TASK: Transcribe the listing below only from the line with "The Medical Profession" up to and including the line with "Dick Sand A Captain at Fifteen".

GIVEN ENTRIES:
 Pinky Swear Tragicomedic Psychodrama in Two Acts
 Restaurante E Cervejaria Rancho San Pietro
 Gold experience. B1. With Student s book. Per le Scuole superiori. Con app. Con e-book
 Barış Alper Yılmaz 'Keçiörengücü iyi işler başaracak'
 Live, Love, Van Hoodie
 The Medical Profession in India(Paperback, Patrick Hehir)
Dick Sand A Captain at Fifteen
==
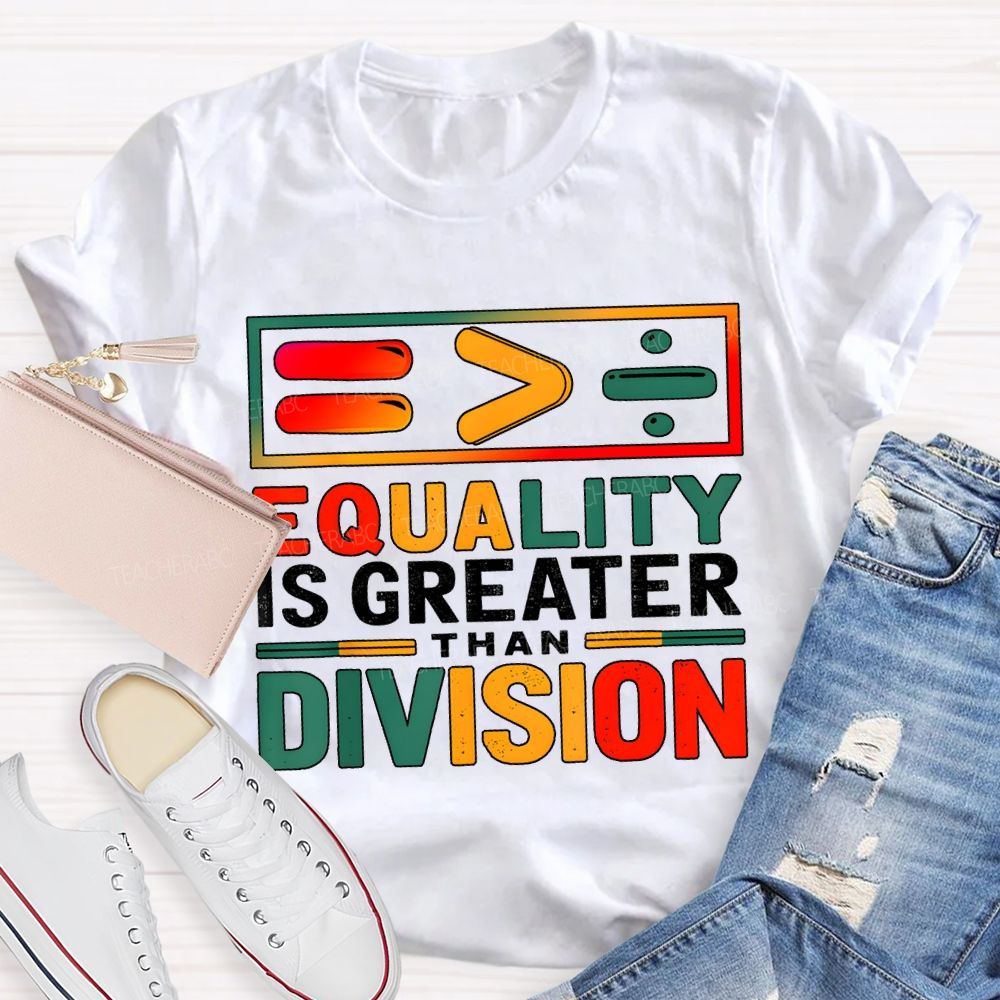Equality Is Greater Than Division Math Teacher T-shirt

SOLUTION:
 The Medical Profession in India(Paperback, Patrick Hehir)
Dick Sand A Captain at Fifteen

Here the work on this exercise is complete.